Q&A with The Parlotones’ Kahn Morbee

South Africa rockers The Parlotones

Q&A with The Parlotones’ Kahn Morbee

In their native Johannesburg, South Africa, The Parlotones are bona fide rockstars, headlining arena-sized venues with their anthemic rock. May 2012’s studio album Journey Through the Shadows is yet another soaring and epic effort by this decade-old quartet, and one that the Parlotones hope catches on stateside. 

“America dictates trends around the world,” explains singer Kahn Morbee says. “If you’re big there, the rest of the world listens. It has a ripple effect.”

As such, the band traversed the United States three times in 2011 and is currently well into a 27-city U.S. headlining tour.

And slowly but surely, the buzz is growing with massive radio support of single “Honey,” and a summer European tour invite from U.K. heavy hitters Snow Patrol.

Fender News recently caught up with lead singer Kahn Morbee to discuss the new 12-track studio album, recorded in Johannesburg and Cape Town in late 2011.

Morbee rocks the crowd.

FN: We know you guys are looking to find some mainstream success in the United States, and so could you describe your band for those who don’t know what you are all about?

KM: I would probably say that it’s anthem rock music with pop sensibilities. As much as there are certainly elements of pop, we still def consider ourselves as a guitar-driven band. It’s melodic but we are aware of the pop element. Not as in Beyonce, but as far as being accessible music.
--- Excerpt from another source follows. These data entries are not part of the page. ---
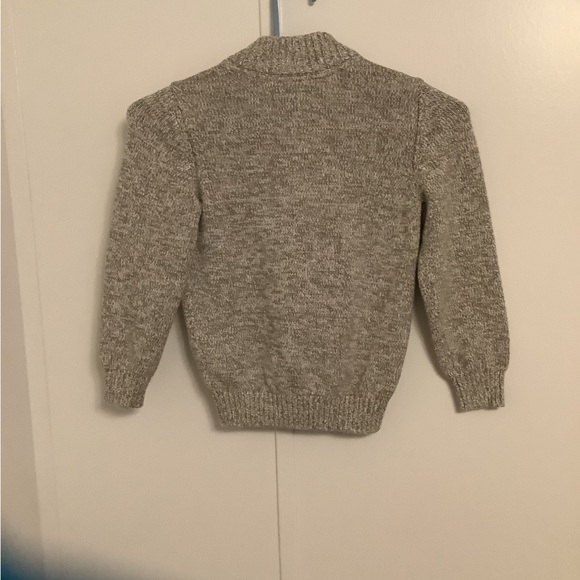 Carter’s sweater - Picture 2 of 3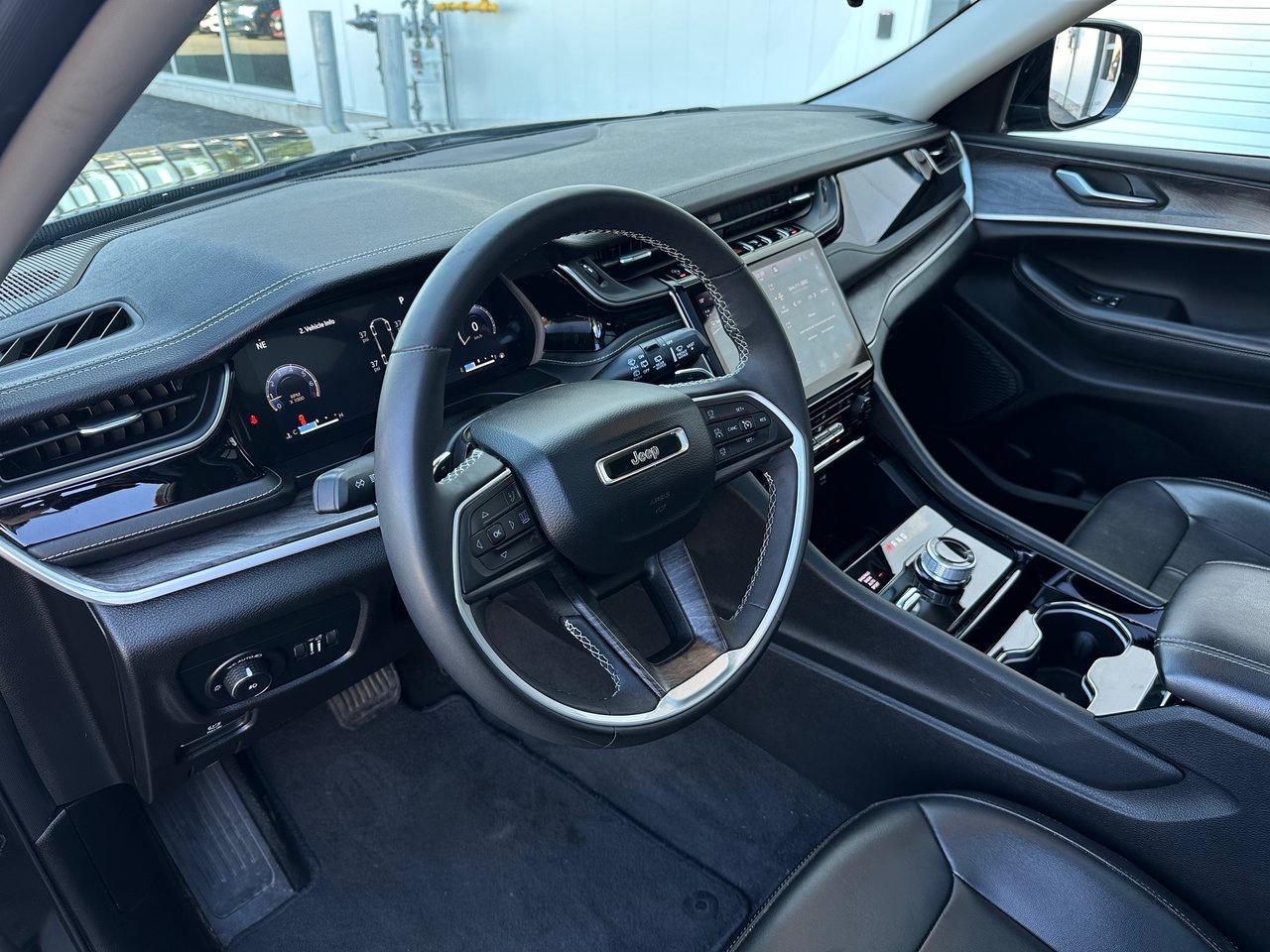 2023 Jeep Grand Cherokee L Limited Photo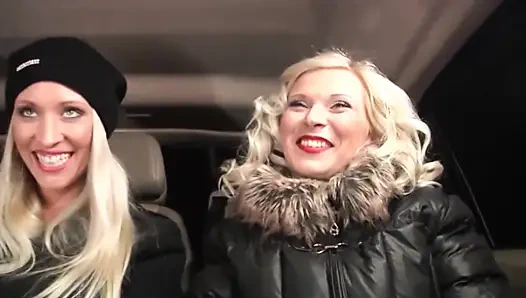 Sarışın Otobüste Sert Sikiliyor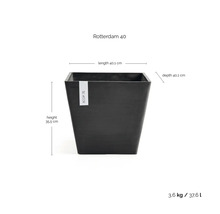 Vierkante Ecopots Rotterdam 40 bloempot. Hoogte 35,5 centimeter, lengte 40,1 centimeter, diepte 40,1 centimeter. Inhoud 37,6 liter.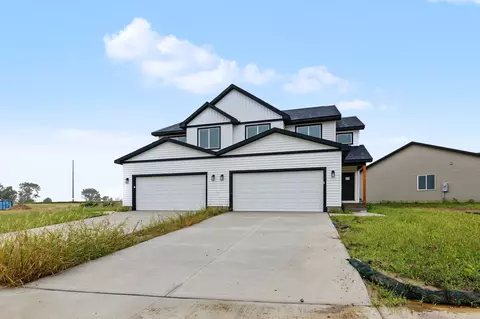 606 Cottonwood Ave, Woodward, IA 50276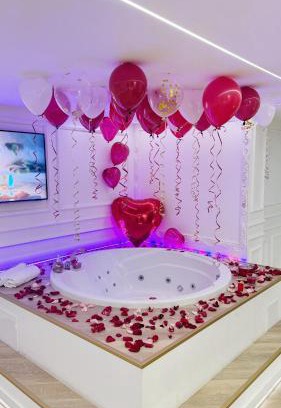 Inner City Budapest Apartment | Enzo Capo Jacuzzi Andrassy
FN: Can you share the theme behind Journey Through the Shadows?

KM: It is kind of analogy/metaphor for life. We are not born with some sort of compass and rulebook that tells us “follow these steps and everything will be rosy and dandy.” We know that you can maybe see a little bit in front of you and you can plan but there are no definites. You are going to experience highs and lows, and you don’t really know what is around the next corner. It’s also a metaphor for civilization. Countries and civilizations evolve, and not really with some map or rulebook. It happens organically along the way. Huge mistakes are made but also huge achievements, and that’s because there’s really no rulebook. I’m sure religious people would beg to differ that there is one but even if you subscribe to that, there are no guarantees or definites.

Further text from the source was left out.